What the task asks:
Below, find the line containing "Краска AK Interactive, акриловая" and the line containing "Madden Girl Brown"; reproduce exactly those two and every line between them, omitting pictures.

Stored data
--------------------------------------------------

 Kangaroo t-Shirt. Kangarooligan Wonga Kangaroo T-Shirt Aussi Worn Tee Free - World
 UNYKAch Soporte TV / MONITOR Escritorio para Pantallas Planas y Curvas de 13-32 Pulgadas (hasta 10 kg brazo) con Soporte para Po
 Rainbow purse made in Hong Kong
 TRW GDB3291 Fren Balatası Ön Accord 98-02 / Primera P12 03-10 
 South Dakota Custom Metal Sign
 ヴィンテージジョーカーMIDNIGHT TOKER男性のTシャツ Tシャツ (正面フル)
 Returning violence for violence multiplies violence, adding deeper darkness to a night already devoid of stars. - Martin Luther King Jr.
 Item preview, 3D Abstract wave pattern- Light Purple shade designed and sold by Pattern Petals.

--------------------------------------------------

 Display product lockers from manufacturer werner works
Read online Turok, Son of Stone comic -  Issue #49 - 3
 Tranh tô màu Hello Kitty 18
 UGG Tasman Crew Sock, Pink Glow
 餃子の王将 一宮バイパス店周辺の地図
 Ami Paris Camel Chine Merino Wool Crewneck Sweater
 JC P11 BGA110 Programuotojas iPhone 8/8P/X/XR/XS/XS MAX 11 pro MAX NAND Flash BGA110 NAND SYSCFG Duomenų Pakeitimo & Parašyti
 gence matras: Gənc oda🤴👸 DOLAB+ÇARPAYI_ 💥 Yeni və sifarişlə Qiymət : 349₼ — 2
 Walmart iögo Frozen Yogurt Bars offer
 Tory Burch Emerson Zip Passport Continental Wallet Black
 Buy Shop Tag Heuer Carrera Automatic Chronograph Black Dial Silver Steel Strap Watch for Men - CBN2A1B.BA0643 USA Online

--------------------------------------------------

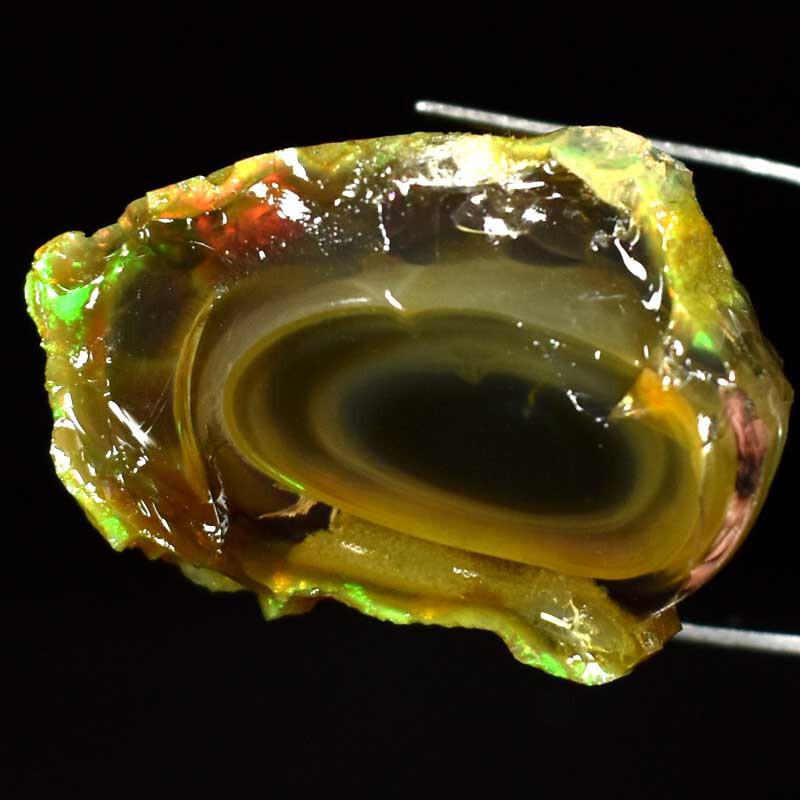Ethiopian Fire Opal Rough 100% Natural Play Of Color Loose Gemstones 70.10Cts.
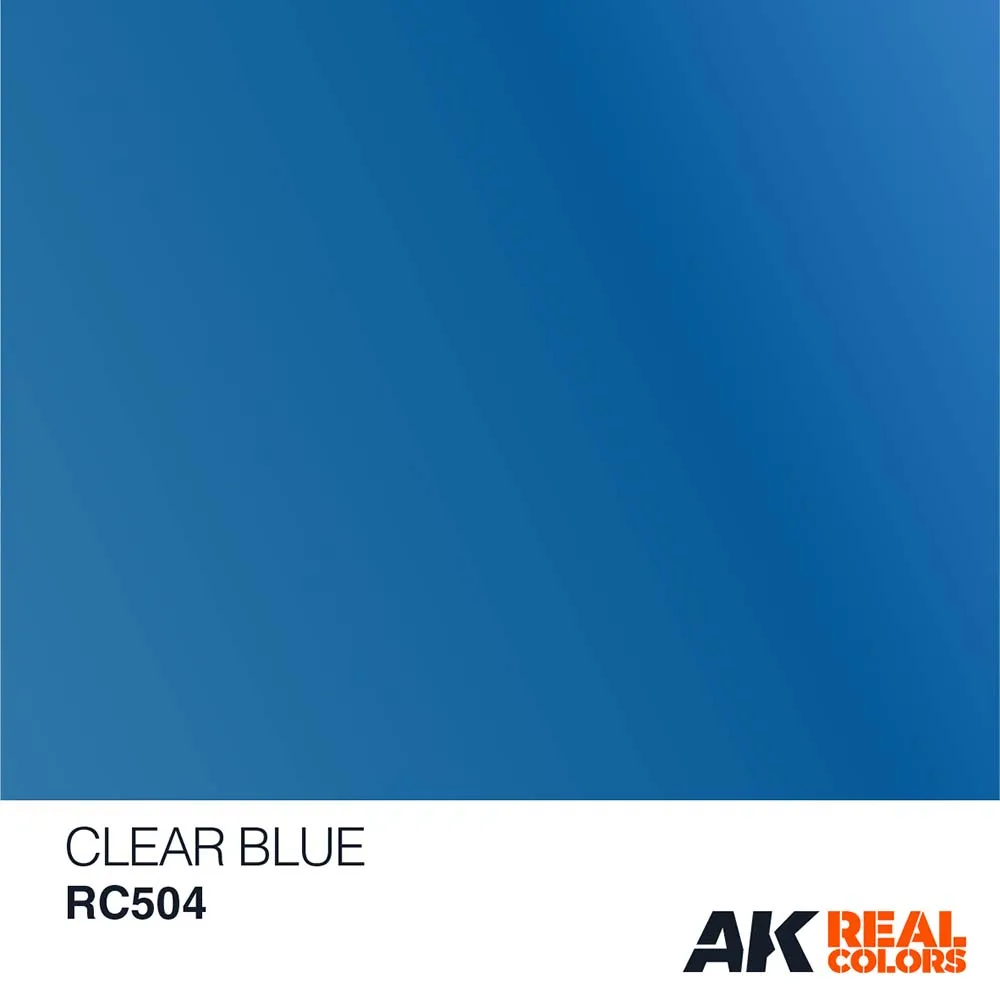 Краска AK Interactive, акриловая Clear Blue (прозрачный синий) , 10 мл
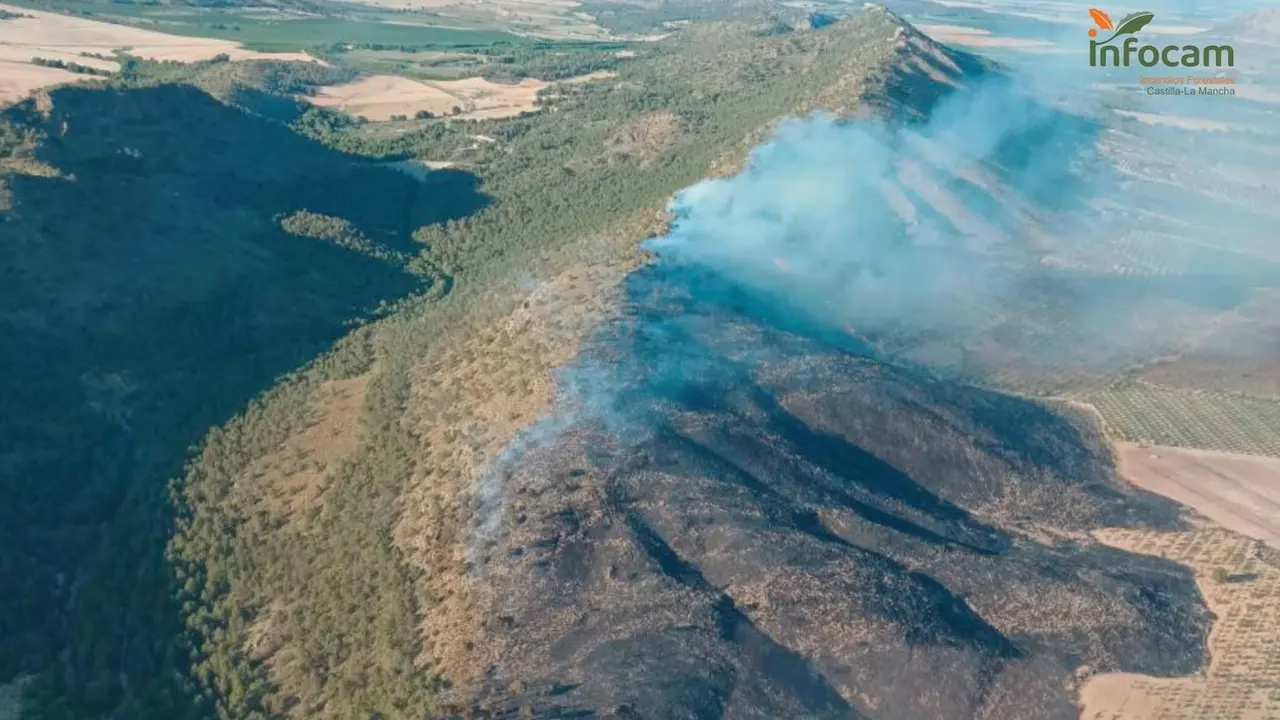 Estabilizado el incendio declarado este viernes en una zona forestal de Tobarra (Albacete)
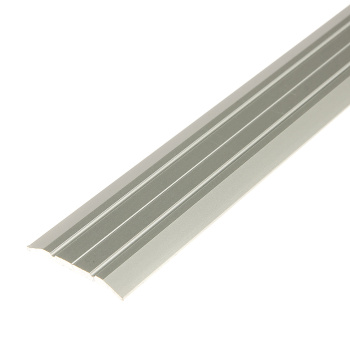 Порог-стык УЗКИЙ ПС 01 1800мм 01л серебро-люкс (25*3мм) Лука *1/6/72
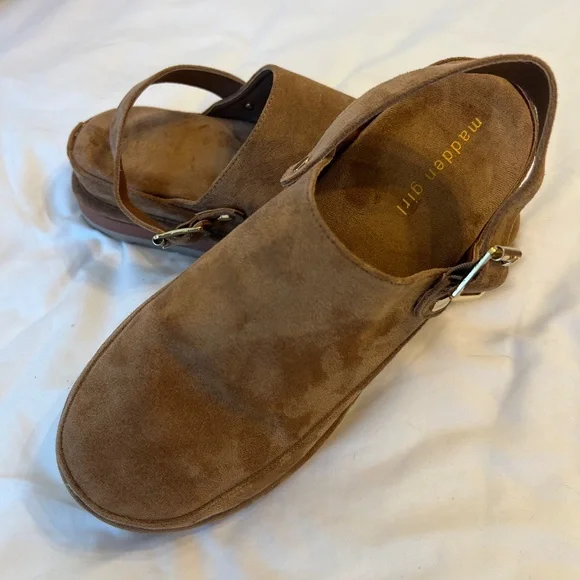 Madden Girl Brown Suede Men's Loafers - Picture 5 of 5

--------------------------------------------------

Your solution:
 Краска AK Interactive, акриловая Clear Blue (прозрачный синий) , 10 мл
 Estabilizado el incendio declarado este viernes en una zona forestal de Tobarra (Albacete)
 Порог-стык УЗКИЙ ПС 01 1800мм 01л серебро-люкс (25*3мм) Лука *1/6/72
 Madden Girl Brown Suede Men's Loafers - Picture 5 of 5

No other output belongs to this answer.